Neue Methode für Erforschung astrophysikalischer Prozesse im Labor.

In den Tiefen des Alls gibt es Himmelskörper, auf denen extreme Bedingungen herrschen: Rasend schnell rotierende Neutronen­sterne erzeugen superstarke Magnetfelder. Und schwarze Löcher können durch ihre enorme Gravitation dafür sorgen, dass riesige, energiereiche Materie­strahlen in den Weltraum schießen. Ein inter­nationales Physikteam unter Mitwirkung des Helmholtz-Zentrums Dresden-Rossendorf hat nun ein neues Konzept vorgeschlagen, mit dem sich manche dieser Extrem­prozesse künftig im Labor untersuchen lassen könnten: Ein spezielles Setup aus zwei hoch­intensiven Laserstrahlen könnte Bedingungen erzeugen, ähnlich wie sie in der Nähe von Neutronen­sternen herrschen. Dabei wird ein Anti­materie-Jet erzeugt und sehr effizient beschleunigt.

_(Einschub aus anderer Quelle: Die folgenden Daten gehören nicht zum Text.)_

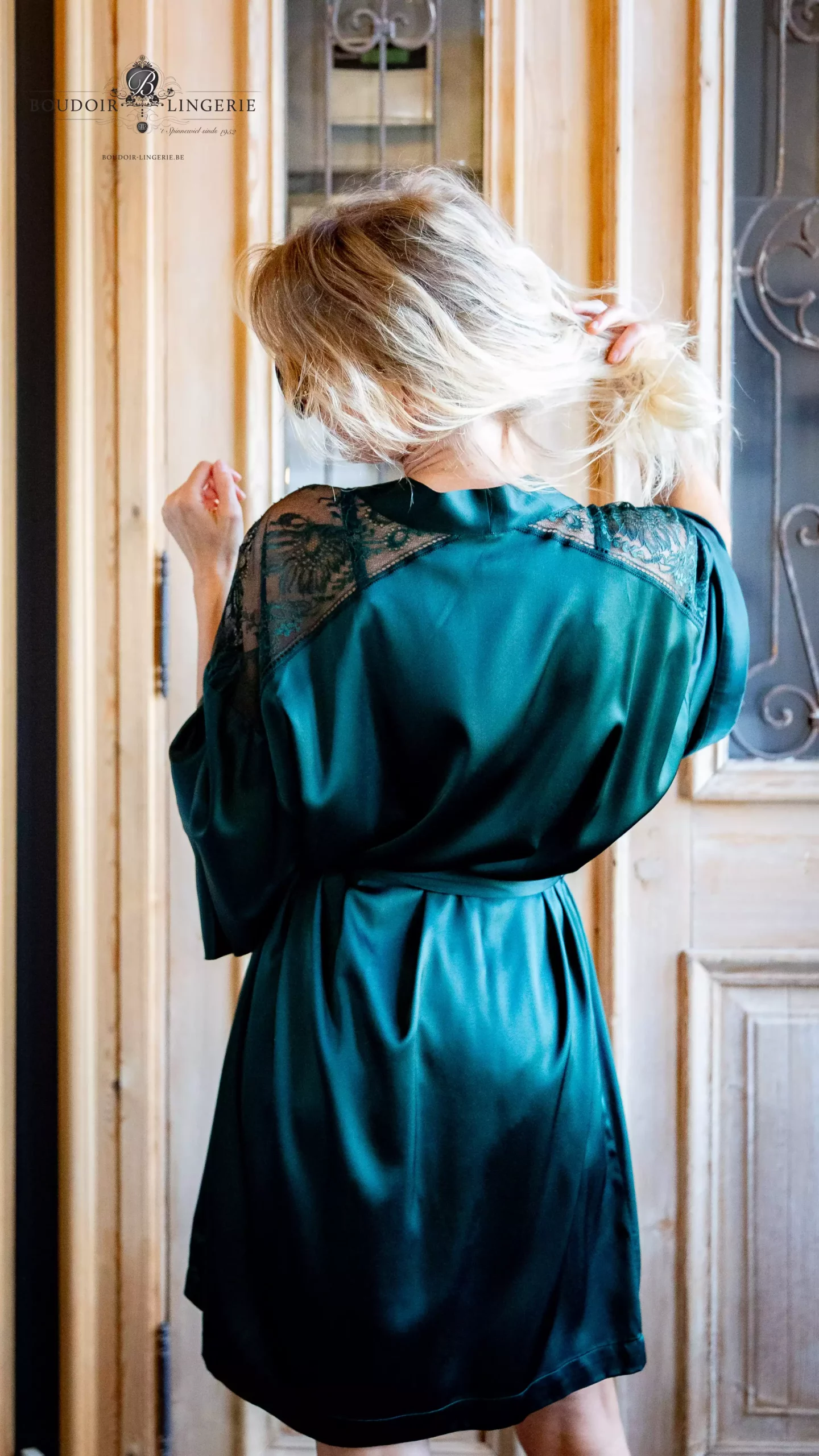 AUBADE Midnight whisper zijden peignor- mysterious green - Afbeelding 7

Abb.: Die Aufnahmen zeigen, wie sich die Dichte des Plasmas während der...
Abb.: Die Aufnahmen zeigen, wie sich die Dichte des Plasmas während der Bestrahlung mit zwei gegen­läufigen Hoch­intensitäts-Laser­pulsen zeitlich entwickelt. Hochener­getische Strahlung ist als Gamma-Photonen-Dichte farbig hervor­gehoben. (Bild: T. Toncian)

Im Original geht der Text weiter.